In this way, MACD can be used to predict load trends and directions, which thereby can generate resource addition and deletion signals. Note that the example shows a straightforward MACD trend determination, however other variations of MACD can be used, e.g., to wait a short time for a confirmed “crossover” to avoid being deceived and scale up or scale down resource usage too early, and so on. Further note that MACD is only one way to predict a trend, and other trend prediction technologies can be used instead of or in addition to MACD.

To summarize, based on the MACD trend prediction logic 116, the scaling logic obtains the trend factor {right arrow over (D)} value, and via the trend factor threshold, implements predictable automatic scaling to predict in advance whether to add or remove resources.

FIGS. 4-6 comprises a flow diagram exemplifying aspects of the scaling logic, which can be represented by the following pseudocode:

D=MACD ( )//return 1, or −1;

TA=CPU processor*80% for the resource addition threshold value;

TR=CPU processor*30% for the resource removal threshold value;

If (load>TA && D=1), then add the resource;

If (load<TR && D=−1), then remove the resource.

Operation 402 represents obtaining the system load, e.g., via a Linux® command, and operation 404 represents obtaining the trend factor, e.g., by calling the trend prediction logic 116 (a MACD function).

Operation 406 computes the threshold values, e.g., the number of CPUs in use times 0.8 for the addition threshold value, and the number of CPUs in use times 0.3 for the removal threshold value. Note that these multiplication factors can be varied based on empirical evidence, can differ based on type of resource and so on, however these factors have been found suitable for CPU scaling. In general, an addition threshold would use a factor greater than fifty percent, and a removal threshold computation would use a factor less than fifty percent.
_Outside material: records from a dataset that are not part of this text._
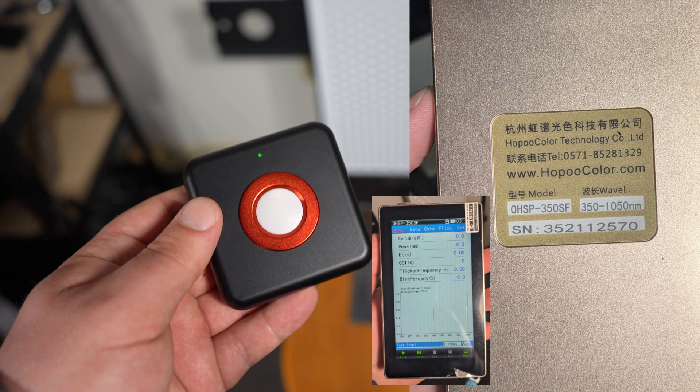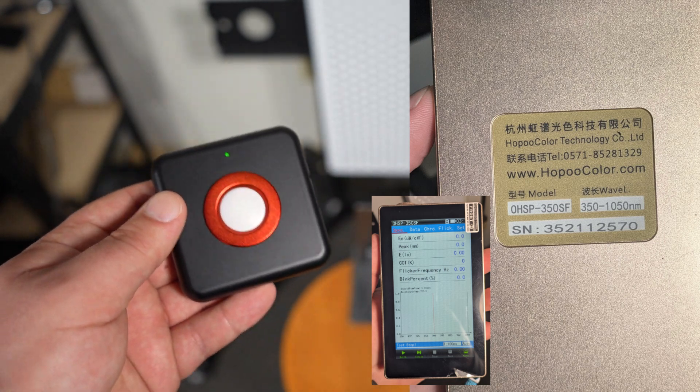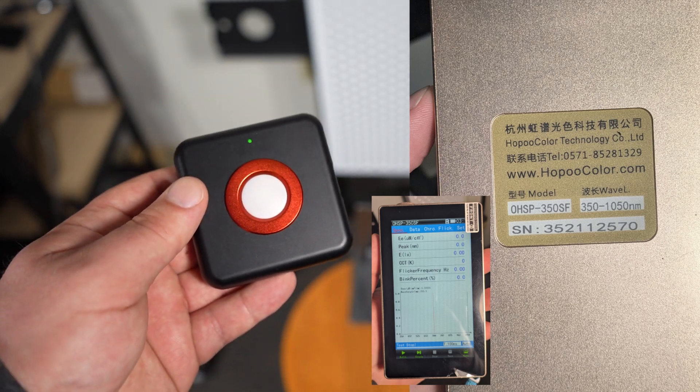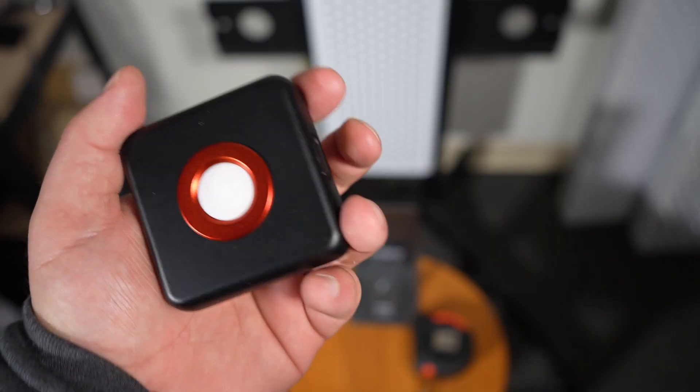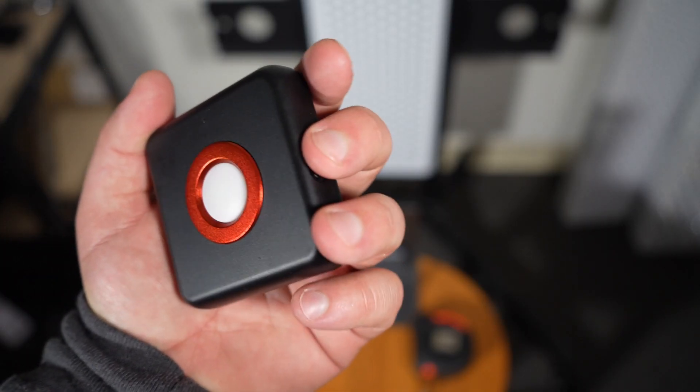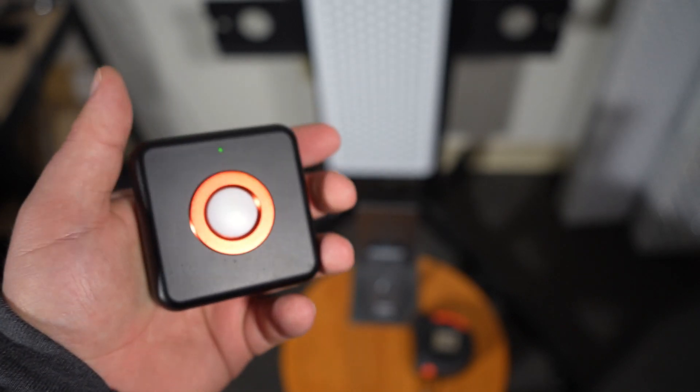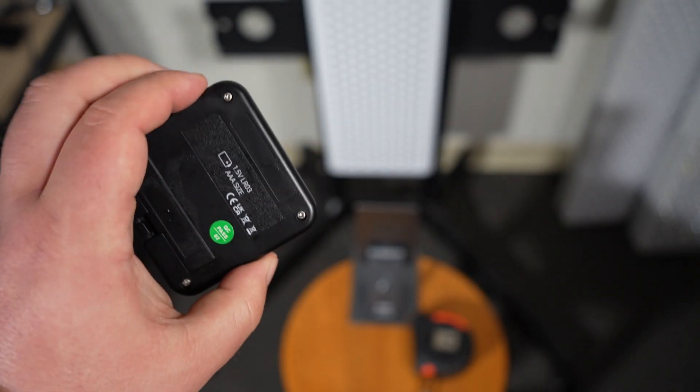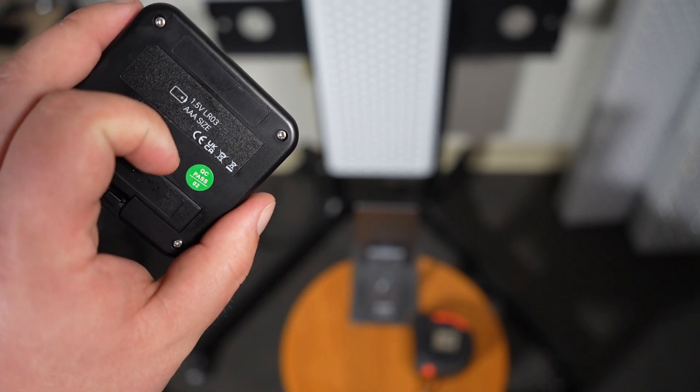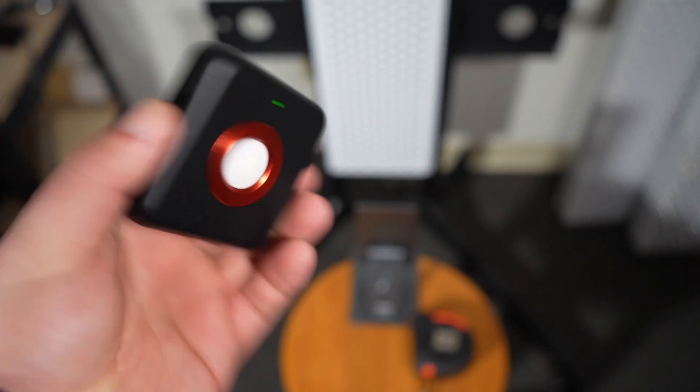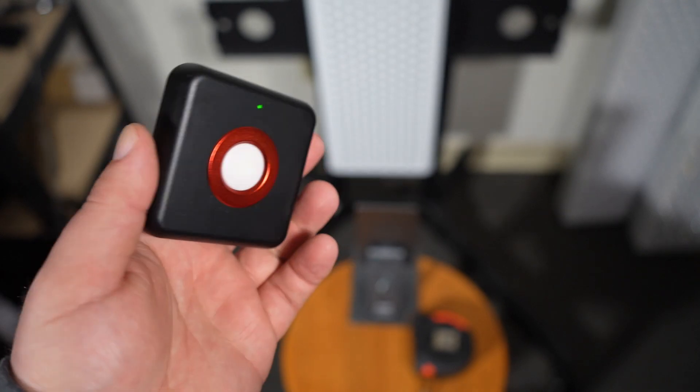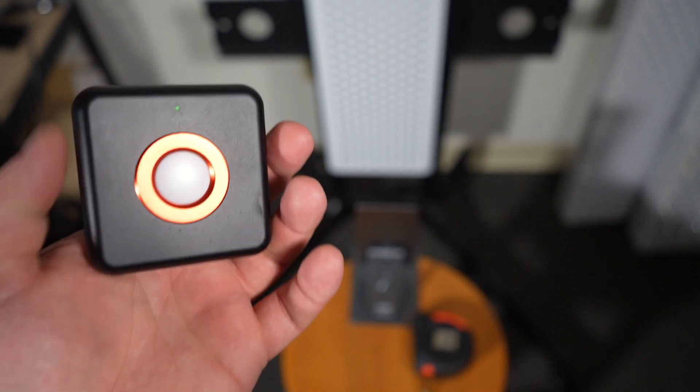We're going to be comparing it to the Hopo color meter. The way it works, you just have one button to press on and it turns on. There's nothing else. It's just powered by some triple A's. So very simple, very basic.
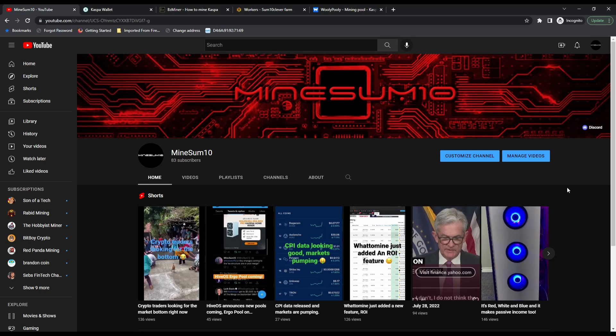What's up everybody, welcome back to another episode of Mine Something. If you're new here, my name's Jake. I'm sorry about the background noise—I'm sitting next to a miner with three 3080s and three 3070s and it's pretty loud. Today we're going to cover how to mine Caspa on Hive OS.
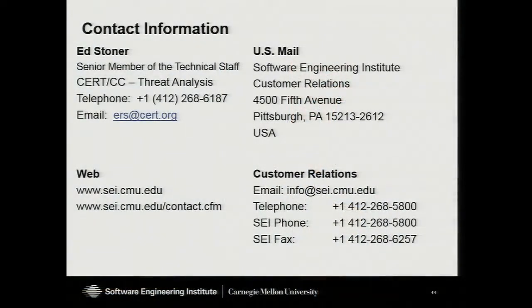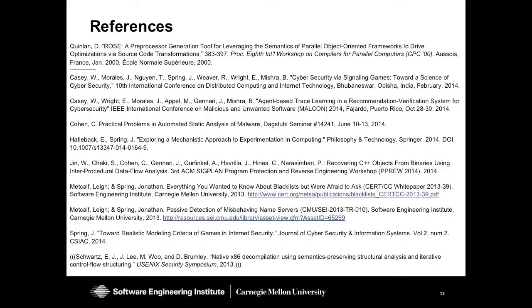And that is all of this stuff. If you would like any more information, please contact my boss and not me — his phone number and email are right up there. If it's something I can answer, he'll tell me to answer it; if not, he'll ask someone else. Thank you very much, and I look forward to your questions later. I have put all of the references here if you'd like to collect this from the slides.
Operation 408 evaluates whether the load value is greater than the resource addition threshold value. If not, the process continues to FIG. 5 to evaluate whether a resource should be removed based on the trend; if so, the process continues to FIG. 6 to evaluate whether a resource should be added based on the trend.

If the load is below the resource addition threshold value, operation 502 of FIG. 5 evaluates whether the load is also below the resource removal threshold value. If not, then the load is between the two thresholds, and in one or more implementations the resource allocation is appropriate and nothing needs to be done at this time; thus the process ends until the next scalability decision is needed.

If the load is below the resource removal threshold value, then operation 504 is performed to evaluate whether the trend factor indicates that the load is decreasing. If not, then again the current resource allocation is appropriate and nothing needs to be done at this time; thus the process ends until the next scalability decision is needed.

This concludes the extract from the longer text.